Date: June 29 2012
THE asylum seeker debate yesterday was punctuated by people once opposed to offshore processing explaining why a steady stream of deaths at sea had led them to change their minds.
However, the Australian Greens, who hold the balance of power in the Senate, stood firm in their view against offshore processing and, barring an unlikely change of mind last night, were set to vote against the Oakeshott bill, ensuring its defeat.
Watching from his sick bed in Adelaide, the Independent Senator Nick Xenophon became so agitated, he began ringing radio stations. Once opposed to sending arrivals offshore for processing, Senator Xenophon said it still made him uncomfortable but it was better than the current situation.
''The stink of a compromise is better than the stench of death,'' he said.
Senator Xenophon even voted for the bill by having a pair arranged with an opposition senator.
The human rights lawyer and former Labor Party candidate, George Newhouse, urged the Greens to change their minds and allow offshore processing to be used at least temporarily while a more lasting regional solution was found.
Mr Newhouse, the head of Shine Lawyers Social Justice Practice which represented the survivors and the families of the deceased on SIEV 221 which foundered on Christmas Island in 2010, said he had changed his own views on offshore processing and the Greens must too.

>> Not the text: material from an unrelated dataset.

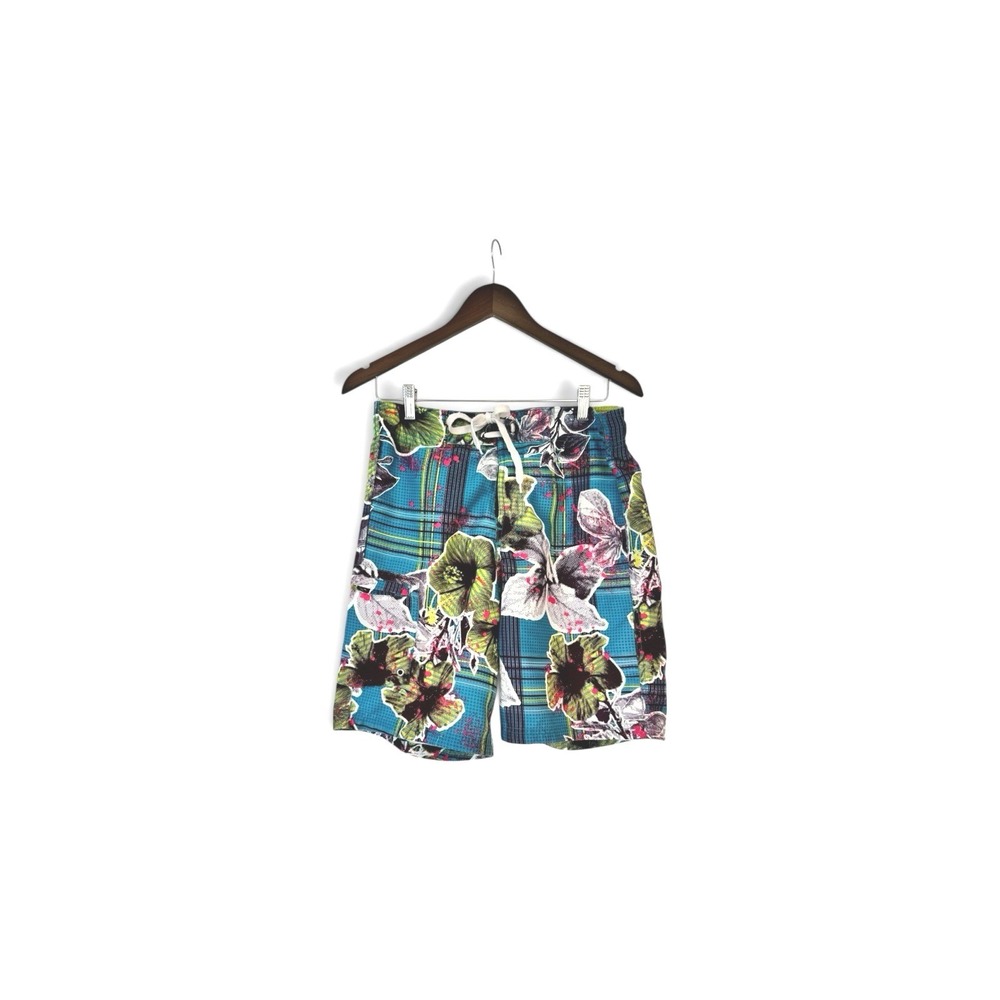 Joe‎ Boxer Mens Swim Trunks Blue Plaid Floral Tropical Board Shorts Small S/C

"I have seen the carnage caused by a shipwreck and the damage done to people's lives. A 4 per cent death rate is too high a price to pay to come by boat to Australia,'' he said.
''Personally, it's a difficult decision but on balance I would have to say that I would prefer the ugly compromise of people being processed safely overseas than to die at sea."

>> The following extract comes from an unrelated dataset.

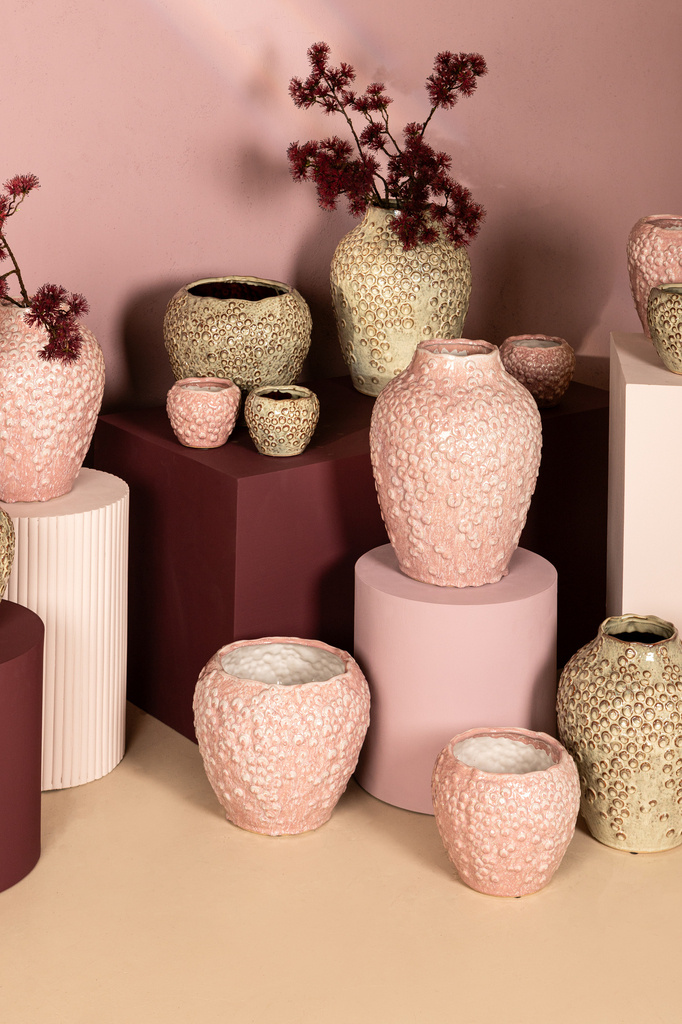 PTMD Avis Roze keramische pot rond gevormde schalen laag XL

Mr Newhouse said he agreed with the Greens' principles but ''I cannot stomach the loss of life that is being caused by this policy vacuum''.
The Labor Senator Doug Cameron a key figure in the party's Left, was once emphatically opposed to the Malaysia plan. Assurances, including an involvement by the United Nations High Commissioner for Refugees, had helped him change his mind, along with the ongoing tragedies.
''I think the Greens need to grow up. They need to understand that people are dying,'' he said yesterday.
The government Senate Leader, Chris Evans, was the immigration minister when Labor unwound the political solution.
''I was the one who closed Nauru, I was the one who got rid of temporary protection visas. I find this very difficult. But if we allow ourselves to be swayed by the baggage we bring to the debate, we won't be doing our job,'' he said.
The Greens stood their ground yesterday. They tried unsuccessfully to amend the bill to try and stop people getting on the boats by facilitating their passage to Australia. They proposed Australia increase its humanitarian intake of asylum seekers from 13,750 per year to 20,000. This included an additional 1000 taken directly from Indonesia and another 4000 from Malaysia.
The Greens support processing people offshore, but not those who have already arrived in Australia.